Hence their decision to raise their earnings per share estimates for 2018 and 2019 by three to four per cent.
The target price went up from 3,600p to 4,150p as a result.
Both FTSE Russell and LCH Clearnet saw strong revenue growth in the first half of 2017, were well-positioned to benefit from further structural growth and enjoyed high barriers to entry, they said.
In parallel, underlying costs were well-controlled, rising by just 5% year-on-year, which helped boost the company's margins despite increased investment.
Credit Suisse estimated LSE was capable of growing its EBITDA margins to about 55% by 2019, with consensus already eyeing a 52% margin by 2019. That left scope for upgrades of roughly 7%.
HSBC downgraded Ferrexpo to 'hold' from 'buy' and trimmed the price target to 225p from 230p, saying the stock is now fully valued.
The bank pointed out that recent share price strength has pushed the stock's 12-month forward EV/EBITDA to 5.3x and a price-to-earnings of 8.0x, and that these multiples are trading at 15% and 20% premiums to their through-the-cycle averages and concur with its discounted cash flow-based valuation metric.
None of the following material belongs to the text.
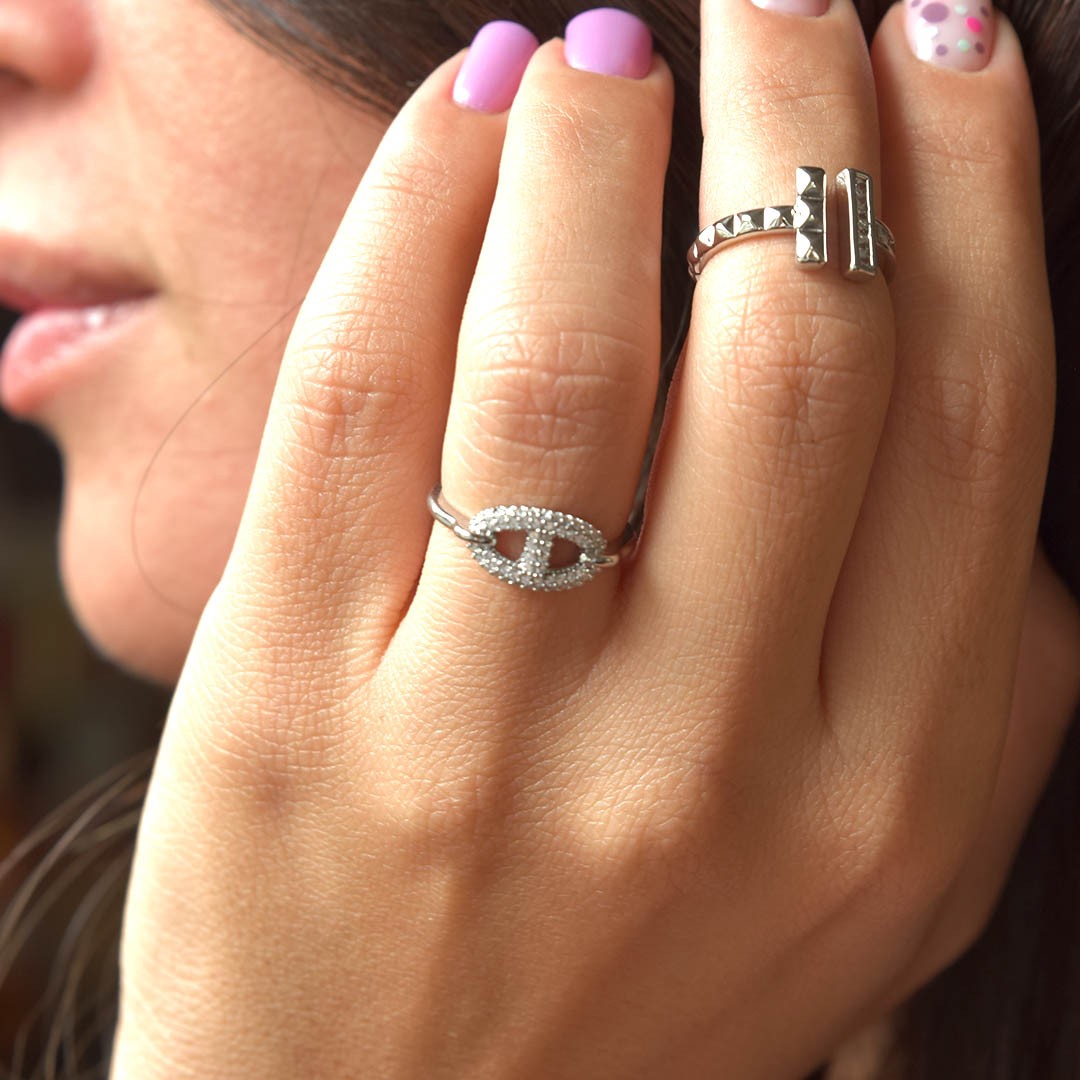 illys Silver Baget Taşlı Tiff Model Arası Açık Ayarlanabilir Yüzük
It said the company's first-half results were good, with reported earnings before interest, tax, depreciation and amortisation of $287m, well ahead of company-collated consensus but lower than HSBC’s $311m forecast. In addition, EBITDA was substantially higher than the past two six-monthly periods as the impact of iron ore price and pellet premium strength offset higher C1 costs and lower volumes.
However, HSBC said Ferrexpo would be hard-pressed to replicate this result in the second half of this year and FY18.
Investec's Ian Gordon hailed Royal Bank of Scotland's latest set of quarterly results but reiterated his 'hold' stance on the shares.
The lender "very much" continued to be multi-year recovery story, Gordon explained in a research note sent to clients.
Nevertheless, he conceded that RBS had "travelled well" into the results, adding: "but this looks to be entirely justified and the shares should go better today."
As he pointed out, underlying profits of £1.69bn were 59% ahead of the company-compiled consensus, tangible net asset value was up 3p to 300p on the quarter, impairments were 56% better than consensus, negative revenues within Capital Resolution were £101m better than consensus and NatWest Markets continued to perform "extremey well".
On the flip side, on his estimates RBS's tNAV would decline in the backhalf of 2017, troughing at about 290p but improving after that point.